- Born: July 7, 1937 New York City, United States
- Died: October 25, 2001 (aged 64)
- Occupation: Film director
- Years active: 1960s to 1990s

= Alan Pultz =

Alan Pultz (July 7, 1937 – October 25, 2001) was an American television director whose work was confined to the small screen. For many years he directed episodes of General Hospital.

== Background ==
Born in New York, he attended the University of North Carolina. He was also in the U.S. Navy and achieved the rank of lieutenant. While in the navy, he was part of the team that recovered Alan Shepard who was the first astronaut in space.

==Career==
Early in his career he was a theater manager, and progressed to production assistant and associate director. Some of the programs he worked on were The Jimmy Dean Show and Who Do You Trust?. As a director, his early work included A Time for Us and One Life to Live. Working with producer, Gloria Monty he directed episodes of ABC Daytime's General Hospital for twenty two years.
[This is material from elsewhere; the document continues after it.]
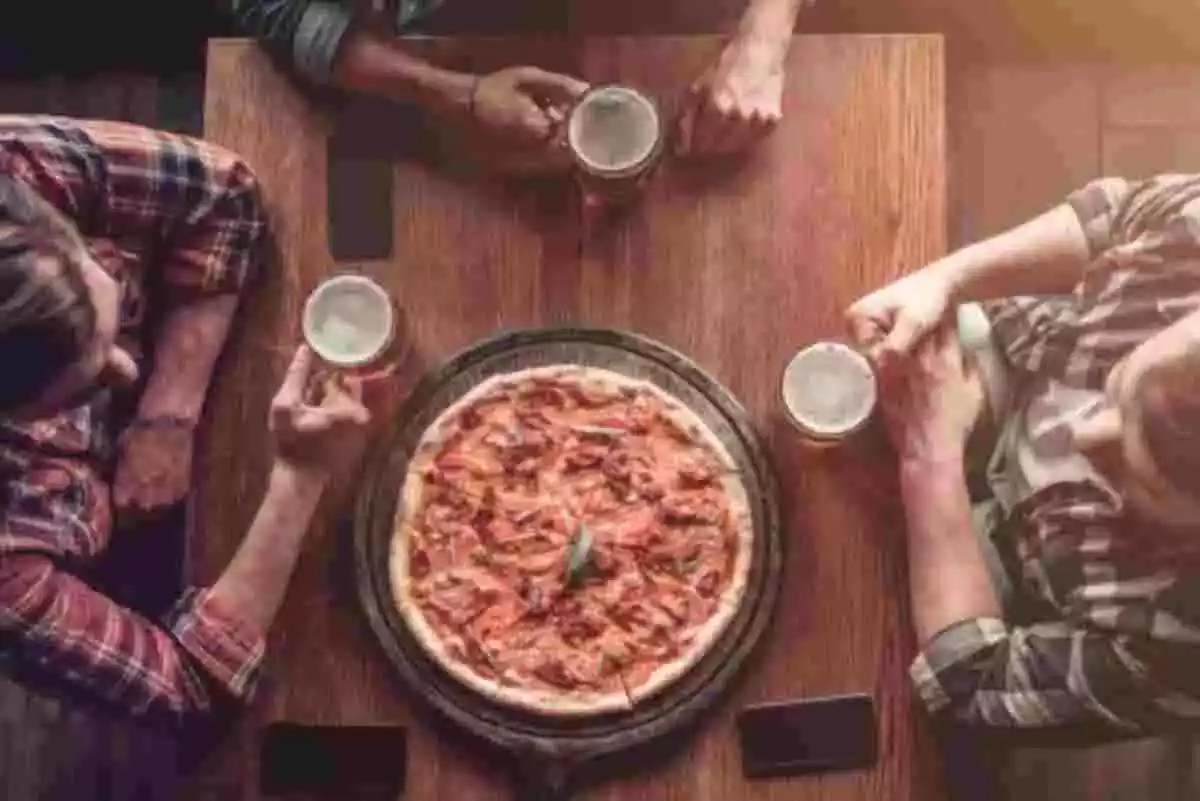 Tres nois sopant en la taula d'un restaurant amb una pizza i cerveses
Other directorial works include Return To Peyton Place and The Best of Everything. He worked on Dark Shadows as an associate director,

In 1967, he worked on Dark Shadows as an assistant director. The three episodes he worked on aired from April to August. In 1993, both Pultz and William Ludel received the Daytime Drama award for their work on General Hospital.

==Death==
Pultz died in his sleep on October 25, 2001, at his home in Encino, California. He was buried in Lebanon, Connecticut. He was survived by Doris, his wife and a brother and sister.

== Awards and nominations ==

- Pultz was nominated for 8 Daytime Emmy Awards (his first nomination was shared with Marlene Laird/Marlene Laird and Phil Sogard) and won 3 times.
- He won a Directors Guild of America Award in 1996 for Outstanding Directorial Achievement in Serials - Daytime.